We will show two different ways for **conversion of K and M to thousand and million**. We will also **cover the reverse case converting thousand and million to K and M**.

So we will cover:

- 0.1M to 100000
- 1 K - 1000
- 10000 to 10K
- forty two - 42

Two Python libraries:

- humanize - turning a number into a fuzzy human-readable expression
- numerizer - convert natural language numerics into ints and floats

The image below show the examples:

## Setup

Let's use the following DataFrame the conversion from natural language numerals to numbers:

```
import pandas as pd
import matplotlib.pyplot as plt
data={'day': [1, 2, 3, 4, 5],
'numeric': [22, 222, '22K', '2M', '0.01 B'],
'numbers': [110, 11000, 1000000, 33300000, 456873],
'lang': ['one', 'five', 'twelve', 'forty two', 'one hundred and five']}
df = pd.DataFrame(data,
columns=['day', 'numeric', 'numbers', 'lang'])
```

Our data looks like:

day | numeric | numbers | lang | |
---|---|---|---|---|

0 | 1 | 22 | 110 | one |

1 | 2 | 222 | 11000 | five |

2 | 3 | 22K | 1000000 | twelve |

3 | 4 | 2M | 33300000 | forty two |

4 | 5 | 0.01 B | 456873 | one hundred and five |

## Step 1: Convert K/M to Thousand/Million

First we will start the **conversion of large number abbreviations to numbers**. We will map the abbreviations to the math expression.

So we will convert:

```
22K -> 22 * 10**3
0.1 M -> 0.1 * 10**6
```

```
mp = {'K':' * 10**3', 'M':' * 10**6', 'B':' * 10**9', 't':' * 10**12', 'q':' * 10**15', 'Q':' * 10**15'}
pd.eval(df['numeric'].replace(mp.keys(), mp.values(), regex=True))
```

This will give us:

```
array([22.0, 222.0, 22000.0, 2000000.0, 10000000.0], dtype=object)
```

As we can see it works fine for columns with mixed data. It works well also for numeric values with spaces like `1 M`

### pd.eval limit 100 rows

There seems to be limit of `pd.eval`

and the returned results by `eval`

are limited:

```
len(pd.eval([1 * 10**6] * 105))
```

result:

```
101
```

Last five results are:

```
[1000000,
1000000,
1000000,
1000000,
Ellipsis]
```

So the above code can be rewritten to:

```
df['cols_num'] = df['col'].replace(mp.keys(), mp.values(), regex=True)
df['col_num'] = df.apply(lambda x: eval(x.col_num), axis=1)
```

to make it working for more than 100 rows.

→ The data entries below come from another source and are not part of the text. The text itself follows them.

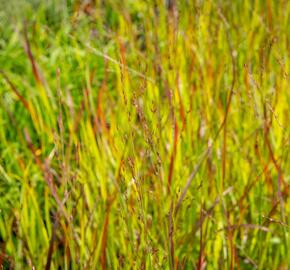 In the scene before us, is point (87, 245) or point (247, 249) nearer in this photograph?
point (87, 245)

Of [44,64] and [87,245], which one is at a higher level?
[44,64]

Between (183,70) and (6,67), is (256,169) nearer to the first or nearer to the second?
(183,70)

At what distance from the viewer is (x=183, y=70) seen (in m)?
2.19

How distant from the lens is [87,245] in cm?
149

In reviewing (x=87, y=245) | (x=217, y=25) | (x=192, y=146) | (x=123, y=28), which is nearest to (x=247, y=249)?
(x=192, y=146)

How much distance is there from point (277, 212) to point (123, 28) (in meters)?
1.02

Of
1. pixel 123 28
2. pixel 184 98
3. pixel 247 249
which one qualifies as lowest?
pixel 247 249

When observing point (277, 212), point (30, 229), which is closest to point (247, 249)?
point (277, 212)

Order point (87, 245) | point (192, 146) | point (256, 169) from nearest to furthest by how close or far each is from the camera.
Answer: point (87, 245) < point (256, 169) < point (192, 146)

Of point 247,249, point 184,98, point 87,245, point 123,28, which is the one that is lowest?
point 247,249

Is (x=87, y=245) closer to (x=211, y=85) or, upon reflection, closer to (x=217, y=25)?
(x=211, y=85)

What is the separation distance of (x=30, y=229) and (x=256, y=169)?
0.61 meters

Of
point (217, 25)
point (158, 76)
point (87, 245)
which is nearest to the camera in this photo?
point (87, 245)

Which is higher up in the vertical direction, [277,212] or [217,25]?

## Step 2: Convert Thousand/Million to K/M

For this step we will use the Python library - `humanize`

. It will help us to** convert easily and reliably large numbers to human readable abbreviations**:

```
import humanize
df['numbers'].apply(humanize.intword)
```

The result contains the converted values:

```
0 110
1 11.0 thousand
2 1.0 million
3 33.3 million
4 456.9 thousand
Name: numbers, dtype: object
```

The library supports multiple languages - about 25 like:

- spanish
- russian
- french
- portuguese

Library can be installed by:

```
pip install humanize
```

## Step 3: Convert words to number - one to 1

Finally let's cover the case when we need to **convert language numerics into numbers**:

- forty two -> 42
- twelve hundred -> 12000
- four hundred and sixty two -> 462

This time we will use Python library: numerize - which can be installed by:

```
pip install numerize
```

So the Pandas code to convert numbers is:

```
from numerizer import numerize
df['lang'].apply(numerize)
```

The output is:

```
0 1
1 5
2 12
3 42
4 105
Name: lang, dtype: object
```

## Large Number Abbreviations

Below we can find a table of large number abbreviations which can be used to improve the mapping.

Abbreviation | Name | Value | Equivalent |
---|---|---|---|

K | Thousand (Kilo) | 10^ 3 | 1000 |

M | Million | 10^ 6 | 1000K |

B | Billion | 10^ 9 | 1000M |

t | trillion | 10^ 12 | 1000B |

q | quadrillion | 10^ 15 | 1000t |

Q | Quintillion | 10^ 18 | 1000q |

s | sextillion | 10^ 21 | 1000Q |

S | Septillion | 10^ 24 | 1000s |

o | octillion | 10^ 27 | 1000S |

n | nonillion | 10^ 30 | 1000o |

## Conclusion

In this post, we saw how to convert human readable and language expressions to numbers. We covered the reverse case of conversion of large numbers to abbreviations.

It was shown how to map values to Python mathematical expressions and how to evaluate them. Two very useful Python libraries were used in Pandas for numeric conversion.